- _AVAILABLE RECORDS_
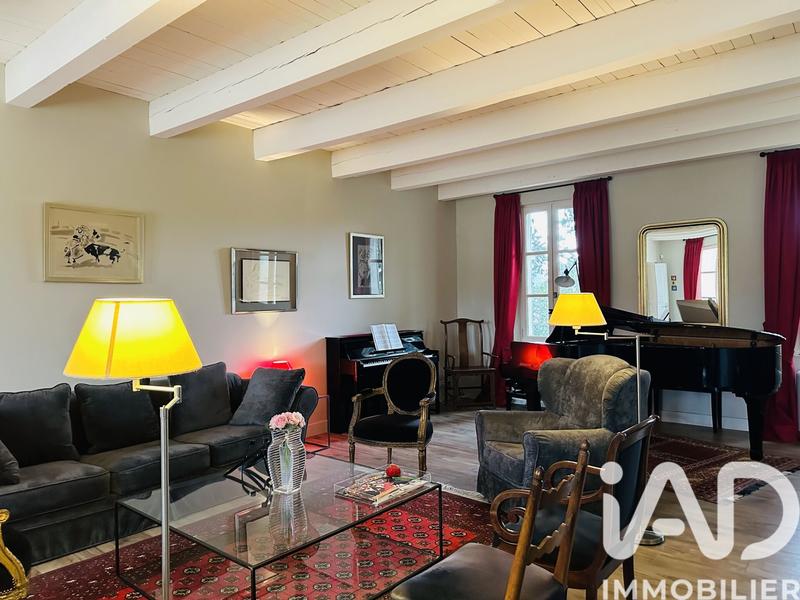 Maison - 332 m² - 8 pièces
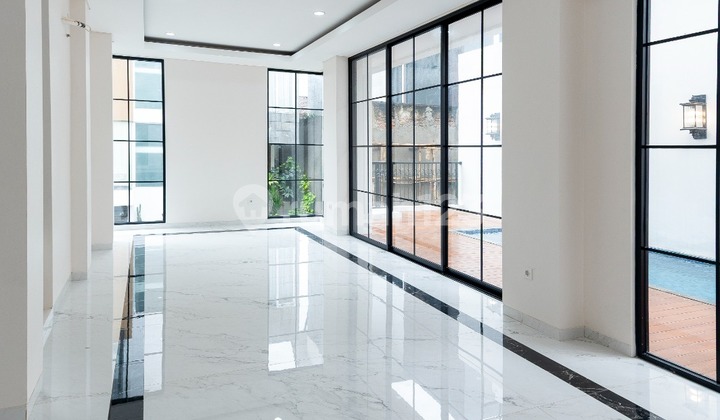 [Rumahjakartaselatan] Hanya 12 Menit Tol Cilandak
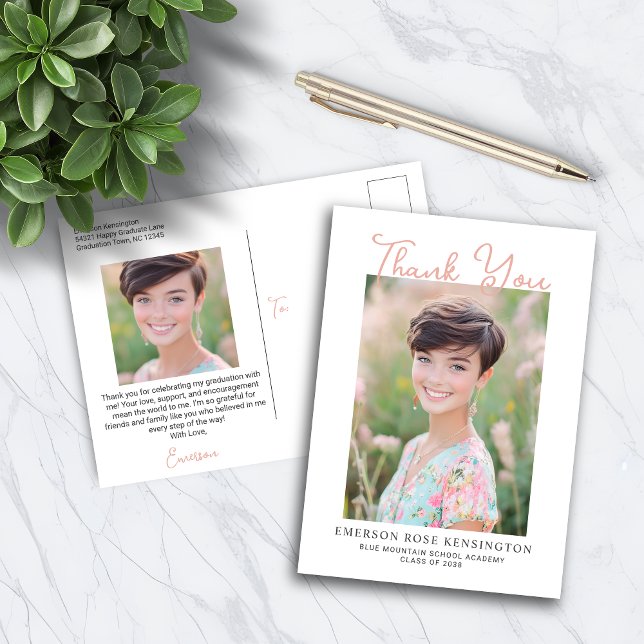 Trendy Handwriting Abschluss Vielen Dank Postkarte (Trendy Handwritten Graduation Thank You Postcard)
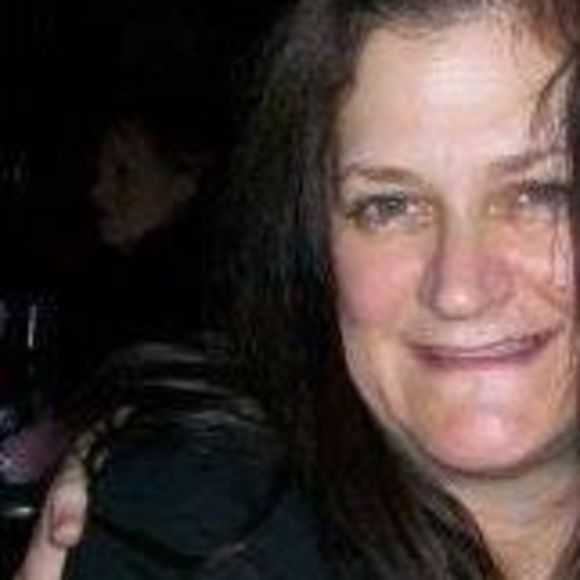 Profile Picture of Robin Robbins (@robinrobbins379) on Poshmark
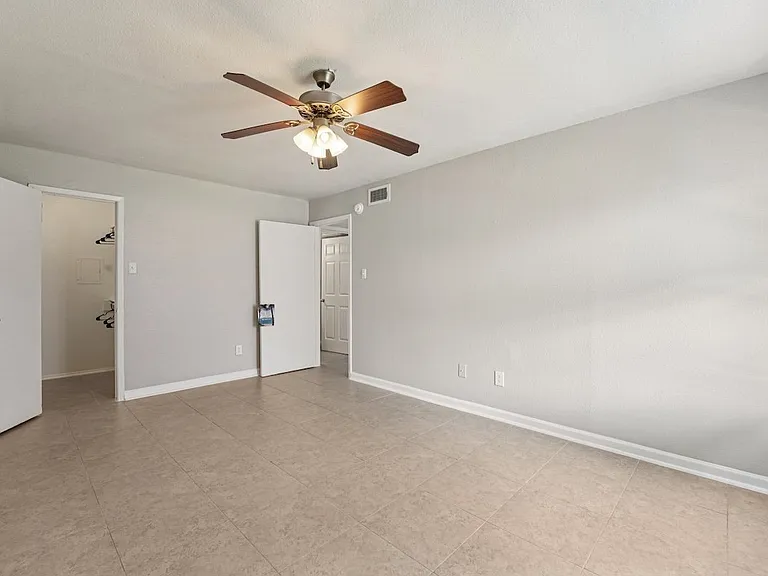 Crosby at Westchase Apartments — Photo 64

- _TASK PROMPT_
Whatever pictures the entries contain, omit them, and write the rest out exactly.

- _ANSWER AREA_
 Maison - 332 m² - 8 pièces
 [Rumahjakartaselatan] Hanya 12 Menit Tol Cilandak
 Trendy Handwriting Abschluss Vielen Dank Postkarte (Trendy Handwritten Graduation Thank You Postcard)
 Profile Picture of Robin Robbins (@robinrobbins379) on Poshmark
 Crosby at Westchase Apartments — Photo 64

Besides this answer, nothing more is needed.